Na semana que vem, quando se completará um mês da morte de Ítalo, está marcado um ato em sua memória. A ideia, segundo Pereira, é que a história do menino não desapareça, que ele não vire apenas mais uma estatística. Assim como Biel, Ítalo também foi alvo de uma enxurrada de acusações: o menino não passaria de um bandido e a polícia militar teria agido corretamente. Até um ato organizado por moradores do Morumbi em defesa dos policiais militares envolvidos na morte de Ítalo foi organizado. Como relatado pelo sitePonte, mais de 20 pessoas participaram batendo continência, palmas e gritando “heróis” para policiais militares. Para o técnico de planejamento do Instituto de Pesquisa Econômica Aplicada (IPEA), Daniel Cerqueira, os dois casos não são isolados e as estatísticas mostram que a violência, não necessariamente policial, contra o jovem – e especificamente contra o jovem mais novo – tem aumentado cada vez mais.
“Esse tipo de demonstração em favor da polícia tem sido impulsionada e manipulada por parte da sociedade e, principalmente por parte da mídia, que prega o revanchismo como solução”, diz Cerqueira. Biel não tinha passagens pela polícia, mas segundo os familiares, já apresentava alguns problemas na escola. Ítalo tinha três ocorrências menores registradas no Conselho Tutelar. Todas em 2016. “É claro que uma criança com três passagens em menos de 6 meses está enfrentando problemas. Ele deveria ter recebido atenção ali, precisava de um acompanhamento. Isso só mostra, mais uma vez, como o caso dele é exemplar, como tudo deu errado em relação a ele”, comenta Pereira, da ONG Visão Mundial.
Segundo dados da Ouvidoria das Polícias do Estado de São Paulo, revelados pelo jornal O Estado de São Paulo, mostram que desde 2010 até esta segunda-feira, 27, as policiais militares e civis mataram 191 crianças e adolescente até 16 anos. Um estudo de 2015 do IPEA mostra que o perfil do menor infrator no país tem tudo a ver com oportunidades e acesso à educação: 66% vivem em famílias extremamente pobres e 60% são negros. “Mataram um amigo meu, doeu.
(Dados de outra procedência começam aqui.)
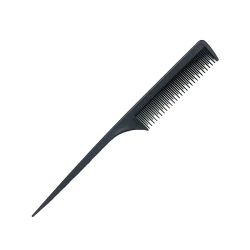 Carbon&Antistatic 8612 Češalj za kosu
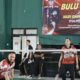 Turnamen Bulu Tangkis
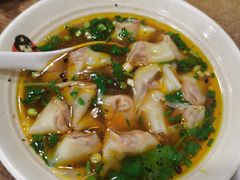 -包面西施(黄泥磅总店)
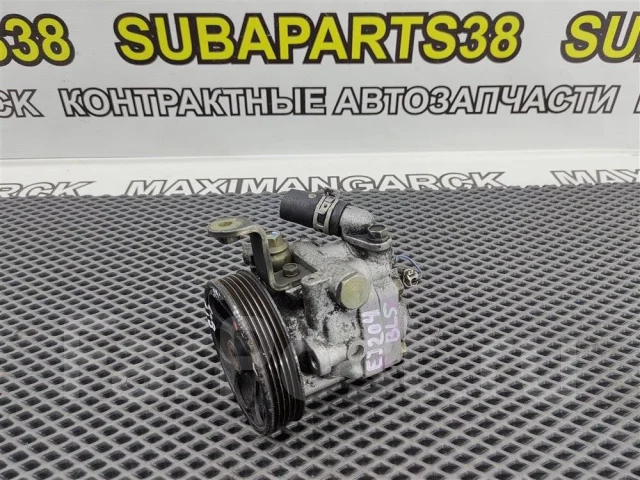 �������������� ���� Subaru Legacy BL5 EJ204 2003 34430AG000 ����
Mataram um amigo meu, me entristeceu. Então, Biel, Bielzinho, esteja com Deus. Minha vida perdeu o sentido, mataram um amigo meu”, cantaram no ritmo de funk os amigos de Biel que se espremiam ao redor da mesa na casa do menino. Um deles diz que Biel é o terceiro colega deles morto pela polícia. Agora, todos têm medo de que algo parecido aconteça também com eles. Em Cidade Tiradentes, não esquecer de Biel é uma forma de eles próprios se manterem vivos.